Set down exactly the entries below, beginning at their first line and ending at the line with "Emerald Simulated 925".

Start of Entries provided

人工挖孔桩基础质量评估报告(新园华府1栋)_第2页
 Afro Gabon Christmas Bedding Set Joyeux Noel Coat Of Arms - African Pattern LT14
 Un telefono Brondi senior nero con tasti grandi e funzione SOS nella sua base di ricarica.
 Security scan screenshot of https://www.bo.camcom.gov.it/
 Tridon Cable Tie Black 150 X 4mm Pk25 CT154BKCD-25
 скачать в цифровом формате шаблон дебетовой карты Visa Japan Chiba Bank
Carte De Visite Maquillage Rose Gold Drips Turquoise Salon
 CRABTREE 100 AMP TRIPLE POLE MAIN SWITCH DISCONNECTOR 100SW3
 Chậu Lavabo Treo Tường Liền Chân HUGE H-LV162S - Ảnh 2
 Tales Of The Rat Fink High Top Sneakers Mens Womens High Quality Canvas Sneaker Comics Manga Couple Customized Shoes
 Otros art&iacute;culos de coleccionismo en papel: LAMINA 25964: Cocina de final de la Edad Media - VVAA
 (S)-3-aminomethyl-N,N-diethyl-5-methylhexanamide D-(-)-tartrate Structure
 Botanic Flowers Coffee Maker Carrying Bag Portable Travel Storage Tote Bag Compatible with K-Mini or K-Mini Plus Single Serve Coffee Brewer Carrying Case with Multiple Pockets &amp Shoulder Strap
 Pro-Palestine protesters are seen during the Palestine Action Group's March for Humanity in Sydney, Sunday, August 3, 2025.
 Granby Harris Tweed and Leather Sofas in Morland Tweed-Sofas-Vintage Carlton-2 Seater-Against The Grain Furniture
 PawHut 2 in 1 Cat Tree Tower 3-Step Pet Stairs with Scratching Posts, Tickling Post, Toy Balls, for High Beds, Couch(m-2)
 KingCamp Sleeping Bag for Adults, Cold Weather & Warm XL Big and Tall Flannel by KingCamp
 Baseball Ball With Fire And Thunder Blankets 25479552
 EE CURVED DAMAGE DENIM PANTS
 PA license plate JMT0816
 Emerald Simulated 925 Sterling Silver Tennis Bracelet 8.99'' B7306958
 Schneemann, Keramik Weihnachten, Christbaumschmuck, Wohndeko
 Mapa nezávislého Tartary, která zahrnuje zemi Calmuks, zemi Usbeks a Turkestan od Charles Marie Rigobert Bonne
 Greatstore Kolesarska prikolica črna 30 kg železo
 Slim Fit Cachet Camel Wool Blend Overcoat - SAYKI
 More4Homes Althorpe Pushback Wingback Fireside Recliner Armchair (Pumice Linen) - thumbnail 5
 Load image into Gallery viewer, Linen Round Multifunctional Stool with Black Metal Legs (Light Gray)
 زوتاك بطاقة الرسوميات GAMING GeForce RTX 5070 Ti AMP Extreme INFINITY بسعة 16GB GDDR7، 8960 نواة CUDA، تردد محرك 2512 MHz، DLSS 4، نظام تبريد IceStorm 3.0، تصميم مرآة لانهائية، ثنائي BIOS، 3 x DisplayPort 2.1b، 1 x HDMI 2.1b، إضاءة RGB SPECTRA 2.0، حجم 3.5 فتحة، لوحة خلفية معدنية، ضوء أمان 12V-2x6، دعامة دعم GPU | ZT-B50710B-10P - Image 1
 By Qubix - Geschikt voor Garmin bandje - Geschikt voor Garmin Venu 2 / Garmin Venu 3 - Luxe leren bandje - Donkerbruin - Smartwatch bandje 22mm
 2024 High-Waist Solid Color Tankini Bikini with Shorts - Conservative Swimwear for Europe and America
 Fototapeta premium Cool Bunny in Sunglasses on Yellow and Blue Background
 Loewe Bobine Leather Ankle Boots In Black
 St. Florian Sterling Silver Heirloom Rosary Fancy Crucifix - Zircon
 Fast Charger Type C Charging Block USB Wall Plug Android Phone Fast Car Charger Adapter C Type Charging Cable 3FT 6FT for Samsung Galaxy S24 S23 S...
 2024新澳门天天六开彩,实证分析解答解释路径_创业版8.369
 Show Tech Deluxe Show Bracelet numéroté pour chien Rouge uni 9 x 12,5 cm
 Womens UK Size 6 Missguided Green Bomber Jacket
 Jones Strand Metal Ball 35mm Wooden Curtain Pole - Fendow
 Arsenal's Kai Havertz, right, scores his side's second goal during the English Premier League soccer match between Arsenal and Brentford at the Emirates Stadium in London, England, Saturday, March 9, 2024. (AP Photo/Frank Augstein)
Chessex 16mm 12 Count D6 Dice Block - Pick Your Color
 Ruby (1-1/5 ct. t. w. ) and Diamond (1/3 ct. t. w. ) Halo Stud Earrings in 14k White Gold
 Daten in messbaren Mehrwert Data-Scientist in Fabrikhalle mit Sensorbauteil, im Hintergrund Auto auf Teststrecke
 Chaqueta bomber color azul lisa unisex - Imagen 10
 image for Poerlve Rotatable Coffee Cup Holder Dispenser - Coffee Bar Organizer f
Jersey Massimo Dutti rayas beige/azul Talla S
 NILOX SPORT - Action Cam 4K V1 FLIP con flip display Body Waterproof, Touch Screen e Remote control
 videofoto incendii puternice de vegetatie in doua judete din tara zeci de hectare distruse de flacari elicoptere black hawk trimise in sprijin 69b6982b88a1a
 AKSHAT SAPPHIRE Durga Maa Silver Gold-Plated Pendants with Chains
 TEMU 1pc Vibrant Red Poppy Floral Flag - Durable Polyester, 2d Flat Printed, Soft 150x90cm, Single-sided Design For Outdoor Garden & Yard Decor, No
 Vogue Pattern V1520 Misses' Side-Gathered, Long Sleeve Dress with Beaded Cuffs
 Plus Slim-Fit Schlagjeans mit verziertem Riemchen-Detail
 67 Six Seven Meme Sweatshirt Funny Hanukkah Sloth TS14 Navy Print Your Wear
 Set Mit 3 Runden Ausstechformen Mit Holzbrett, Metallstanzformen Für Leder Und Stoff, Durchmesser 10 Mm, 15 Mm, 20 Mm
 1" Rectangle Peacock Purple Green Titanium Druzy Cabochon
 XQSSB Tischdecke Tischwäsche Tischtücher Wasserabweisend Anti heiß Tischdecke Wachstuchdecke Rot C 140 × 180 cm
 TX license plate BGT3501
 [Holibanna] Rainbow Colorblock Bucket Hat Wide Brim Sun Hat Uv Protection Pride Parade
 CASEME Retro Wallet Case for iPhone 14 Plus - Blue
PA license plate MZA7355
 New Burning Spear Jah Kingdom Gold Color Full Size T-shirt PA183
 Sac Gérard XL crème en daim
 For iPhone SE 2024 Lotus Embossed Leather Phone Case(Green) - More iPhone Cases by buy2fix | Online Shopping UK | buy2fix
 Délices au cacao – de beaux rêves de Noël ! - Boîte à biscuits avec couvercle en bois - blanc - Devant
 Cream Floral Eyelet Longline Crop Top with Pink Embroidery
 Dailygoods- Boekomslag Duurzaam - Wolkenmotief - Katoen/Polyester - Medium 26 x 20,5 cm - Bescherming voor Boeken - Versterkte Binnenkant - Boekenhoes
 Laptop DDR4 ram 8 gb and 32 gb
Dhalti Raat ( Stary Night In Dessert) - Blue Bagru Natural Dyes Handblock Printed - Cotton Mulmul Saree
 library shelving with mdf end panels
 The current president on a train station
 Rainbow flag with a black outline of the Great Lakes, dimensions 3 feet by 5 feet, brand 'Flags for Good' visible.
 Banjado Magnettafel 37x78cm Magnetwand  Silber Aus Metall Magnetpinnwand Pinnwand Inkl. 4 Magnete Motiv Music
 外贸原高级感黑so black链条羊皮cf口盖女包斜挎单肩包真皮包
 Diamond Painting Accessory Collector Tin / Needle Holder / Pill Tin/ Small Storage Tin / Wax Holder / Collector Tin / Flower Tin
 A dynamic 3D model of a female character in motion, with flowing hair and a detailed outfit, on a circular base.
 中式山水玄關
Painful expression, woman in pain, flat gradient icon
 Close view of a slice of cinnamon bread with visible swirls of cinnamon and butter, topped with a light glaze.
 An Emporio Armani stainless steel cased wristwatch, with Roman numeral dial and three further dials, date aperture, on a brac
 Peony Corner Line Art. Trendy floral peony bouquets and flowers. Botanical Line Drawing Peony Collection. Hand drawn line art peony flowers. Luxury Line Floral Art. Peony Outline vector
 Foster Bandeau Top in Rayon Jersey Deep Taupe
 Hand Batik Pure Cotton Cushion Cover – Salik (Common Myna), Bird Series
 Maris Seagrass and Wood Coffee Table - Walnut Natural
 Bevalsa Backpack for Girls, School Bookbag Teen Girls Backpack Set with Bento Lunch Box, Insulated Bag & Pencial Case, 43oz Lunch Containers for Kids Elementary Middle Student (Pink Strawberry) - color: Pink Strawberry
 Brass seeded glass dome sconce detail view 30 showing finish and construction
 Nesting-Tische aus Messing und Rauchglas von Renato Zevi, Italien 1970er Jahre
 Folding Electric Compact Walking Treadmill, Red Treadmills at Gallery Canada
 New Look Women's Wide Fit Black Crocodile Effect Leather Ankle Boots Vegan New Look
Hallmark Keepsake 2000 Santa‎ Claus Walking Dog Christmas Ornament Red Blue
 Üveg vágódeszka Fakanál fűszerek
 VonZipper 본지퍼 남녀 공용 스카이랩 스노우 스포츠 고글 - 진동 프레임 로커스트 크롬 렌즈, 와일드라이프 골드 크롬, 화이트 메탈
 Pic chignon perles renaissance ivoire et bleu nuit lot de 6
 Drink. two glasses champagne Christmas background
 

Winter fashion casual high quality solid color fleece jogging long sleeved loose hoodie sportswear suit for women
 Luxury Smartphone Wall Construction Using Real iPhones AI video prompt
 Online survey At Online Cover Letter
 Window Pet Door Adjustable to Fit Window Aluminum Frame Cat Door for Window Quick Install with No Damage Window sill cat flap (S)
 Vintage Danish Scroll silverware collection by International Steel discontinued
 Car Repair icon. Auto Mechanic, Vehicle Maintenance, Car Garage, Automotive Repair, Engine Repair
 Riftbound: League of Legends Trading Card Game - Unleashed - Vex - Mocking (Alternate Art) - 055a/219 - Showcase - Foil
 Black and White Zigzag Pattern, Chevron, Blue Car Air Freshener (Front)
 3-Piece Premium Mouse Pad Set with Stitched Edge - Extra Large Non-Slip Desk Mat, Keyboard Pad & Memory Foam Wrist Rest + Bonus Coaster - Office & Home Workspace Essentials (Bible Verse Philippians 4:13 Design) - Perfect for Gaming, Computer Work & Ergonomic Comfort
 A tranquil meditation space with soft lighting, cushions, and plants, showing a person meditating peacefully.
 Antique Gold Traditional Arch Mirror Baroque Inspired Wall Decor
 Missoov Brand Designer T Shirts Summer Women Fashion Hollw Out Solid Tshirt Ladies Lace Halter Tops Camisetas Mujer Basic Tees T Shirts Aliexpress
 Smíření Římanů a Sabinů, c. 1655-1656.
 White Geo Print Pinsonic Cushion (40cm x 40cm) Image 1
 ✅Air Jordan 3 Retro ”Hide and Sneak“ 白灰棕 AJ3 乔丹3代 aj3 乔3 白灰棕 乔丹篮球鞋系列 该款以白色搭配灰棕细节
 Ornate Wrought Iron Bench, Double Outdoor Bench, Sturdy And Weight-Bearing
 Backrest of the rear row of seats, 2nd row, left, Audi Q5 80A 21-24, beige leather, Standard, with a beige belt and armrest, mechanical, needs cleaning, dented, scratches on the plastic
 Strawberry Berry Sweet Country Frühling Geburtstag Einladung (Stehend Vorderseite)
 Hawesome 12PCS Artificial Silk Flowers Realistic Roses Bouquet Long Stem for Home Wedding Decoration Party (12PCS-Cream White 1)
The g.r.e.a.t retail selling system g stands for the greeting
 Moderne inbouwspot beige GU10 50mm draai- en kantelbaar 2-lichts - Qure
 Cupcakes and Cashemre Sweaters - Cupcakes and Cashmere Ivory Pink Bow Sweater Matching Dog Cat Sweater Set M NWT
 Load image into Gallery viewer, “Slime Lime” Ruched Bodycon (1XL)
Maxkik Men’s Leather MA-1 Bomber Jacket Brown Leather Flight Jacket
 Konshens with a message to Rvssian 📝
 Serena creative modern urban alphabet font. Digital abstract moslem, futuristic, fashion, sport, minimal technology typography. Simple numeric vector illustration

End of Entries provided

▶ **Result of the task**
人工挖孔桩基础质量评估报告(新园华府1栋)_第2页
 Afro Gabon Christmas Bedding Set Joyeux Noel Coat Of Arms - African Pattern LT14
 Un telefono Brondi senior nero con tasti grandi e funzione SOS nella sua base di ricarica.
 Security scan screenshot of https://www.bo.camcom.gov.it/
 Tridon Cable Tie Black 150 X 4mm Pk25 CT154BKCD-25
 скачать в цифровом формате шаблон дебетовой карты Visa Japan Chiba Bank
Carte De Visite Maquillage Rose Gold Drips Turquoise Salon
 CRABTREE 100 AMP TRIPLE POLE MAIN SWITCH DISCONNECTOR 100SW3
 Chậu Lavabo Treo Tường Liền Chân HUGE H-LV162S - Ảnh 2
 Tales Of The Rat Fink High Top Sneakers Mens Womens High Quality Canvas Sneaker Comics Manga Couple Customized Shoes
 Otros art&iacute;culos de coleccionismo en papel: LAMINA 25964: Cocina de final de la Edad Media - VVAA
 (S)-3-aminomethyl-N,N-diethyl-5-methylhexanamide D-(-)-tartrate Structure
 Botanic Flowers Coffee Maker Carrying Bag Portable Travel Storage Tote Bag Compatible with K-Mini or K-Mini Plus Single Serve Coffee Brewer Carrying Case with Multiple Pockets &amp Shoulder Strap
 Pro-Palestine protesters are seen during the Palestine Action Group's March for Humanity in Sydney, Sunday, August 3, 2025.
 Granby Harris Tweed and Leather Sofas in Morland Tweed-Sofas-Vintage Carlton-2 Seater-Against The Grain Furniture
 PawHut 2 in 1 Cat Tree Tower 3-Step Pet Stairs with Scratching Posts, Tickling Post, Toy Balls, for High Beds, Couch(m-2)
 KingCamp Sleeping Bag for Adults, Cold Weather & Warm XL Big and Tall Flannel by KingCamp
 Baseball Ball With Fire And Thunder Blankets 25479552
 EE CURVED DAMAGE DENIM PANTS
 PA license plate JMT0816
 Emerald Simulated 925 Sterling Silver Tennis Bracelet 8.99'' B7306958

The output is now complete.